Adam Watson (00:00)
Welcome back to “Simplifying the State,” the podcast where we break down politics so you don’t have to try to figure out why the French government has collapsed yet again and why, when Emmanuel Macron appoints a new prime minister — supposedly later this week — France will have gone through five prime ministers in the last two years. It’s kind of crazy if you think about it. OK, so — as always, I am Adam Watson. You may notice Nicholas is not here, and that’s because this is a little special episode that we have.
So in a few seconds, you’ll hear my conversation with Missouri state Rep. Ian Mackey. We talked about a number of things, including the recent bill that banned cellphones in all Missouri schools. We also talked about what might be next for him in politics at the end of this, which is his final term as a Missouri state representative. And also, you know, kind of the Republican effort to gerrymander Missouri, possibly gain another House seat in the midterms.
So yeah, here is that conversation now.
Adam Watson (01:04)
Welcome, Rep. Mackey. Thank you so much for sitting down to talk.
Ian Mackey (01:09)
Sure, happy to be here.
Adam Watson (01:10)
OK, so obviously, there is a new phone ban in Missouri, and that’s kind of what I wanted to talk with you about today. So my first question is: you voted in favor of the bill, which included the phone ban. Would you be willing to maybe kind of take us through your motivations and your reasons for voting in favor of this bill?
Ian Mackey (01:34)
Sure, yeah. So — for a little while during the session, the cellphone ban was a standalone piece of legislation. And as a standalone piece of legislation, it wasn’t something that I supported. I didn’t think that it needed to be in state policy. I thought schools were doing a pretty good job of handling that decision and that policy at a local level when it came to cellphone use. But as often happens, especially on our education bills — all of us, you know, there’s 163 in the House and 34 in the Senate, and we all have ideas for how to improve our schools and how to improve our education system — what ended up happening was a lot of different ideas all started getting piled together into one big omnibus education bill. And that included lots — mostly good things, almost everything. There was stuff I agreed with. There was a curriculum change around reading that I didn’t agree with. There was a cellphone ban that I didn’t agree with, but neither of those were such strong disagreements that I thought I could oppose the bill. And in fact, I actually had language in that bill to prohibit schools from using zero-tolerance discipline policies when they’re disciplining students for various actions. You know, lots more reasons to support that bill than not support it. And so, you know, when it was written about, when the press was sharing their stories about it and there were headlines made about it, it obviously became known as the cellphone ban.

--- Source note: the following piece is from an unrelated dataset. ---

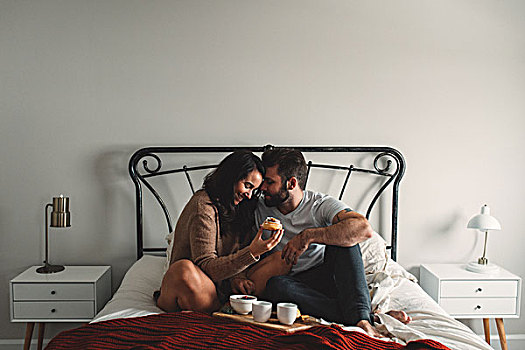 浪漫,情侣,吃饭,床上早餐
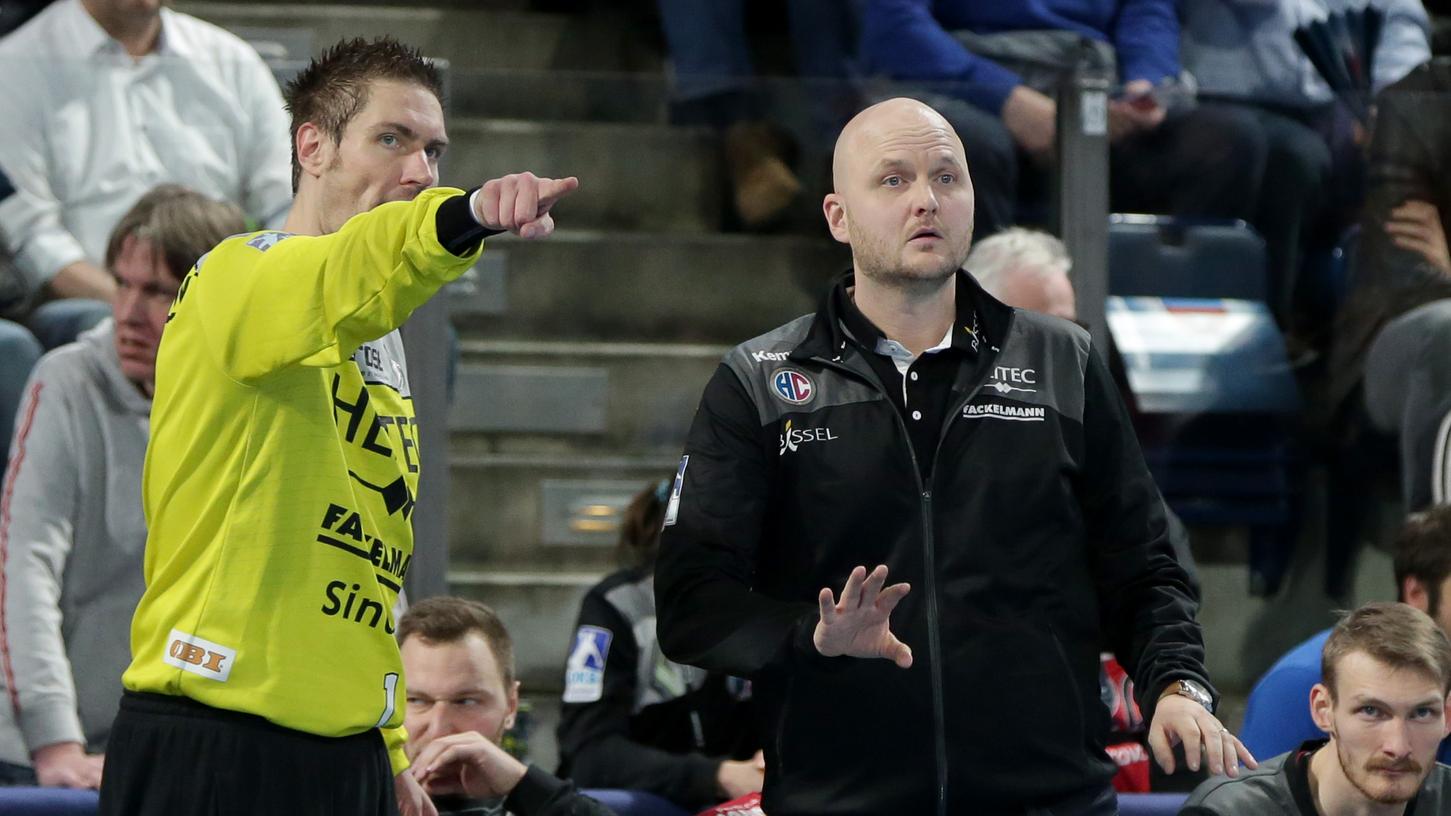 Carsten Lichtlein zeigt den Weg an: Beide verlassen zum Saisonende den HC Erlangen.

The chief sponsors of that bill were also sponsors of that standalone legislation. I think it was one of the first pieces put into that bill. And obviously, it was something that affected every district and got a lot of folks’ attention. So it became known as the cellphone bill, but it was way, way more than that.
Adam Watson (03:05)
Yeah. So could you sort of — I’m not sure if you 100% know the reason — but could you share why the ban was for the whole day, including lunch and free periods, as opposed to more harsh language when it comes to class time, like why it’s a full-day cellphone ban, if you know the reason?
Ian Mackey (03:23)
Yeah, that’s probably a better question for the sponsors of that bill. You can search, and I can help you with that if you need to. But you could search the House website and find that standalone cellphone bill before it became this big bill. I know on the Democratic side, one of the sponsors of that standalone bill was Kathy Steinhoff, a retired teacher from Columbia. I don’t remember if her language had those carveouts or not. But you know, the other sponsors of that legislation — they would be able to articulate why they felt the need to say a total ban from the beginning of day to the end. I don’t really have enough information to speak on their behalf, especially because I was opposed to it in its standalone form. So I’m probably not the right person to ask. I absolutely don’t think a ban is necessary, particularly when students are on free time. You know, when you guys at Clayton have an open campus, I mean, the idea that your cellphones would be policed as you’re going out to lunch or sitting outside in the grass or whatever else you might be doing is just, you know, silly, really.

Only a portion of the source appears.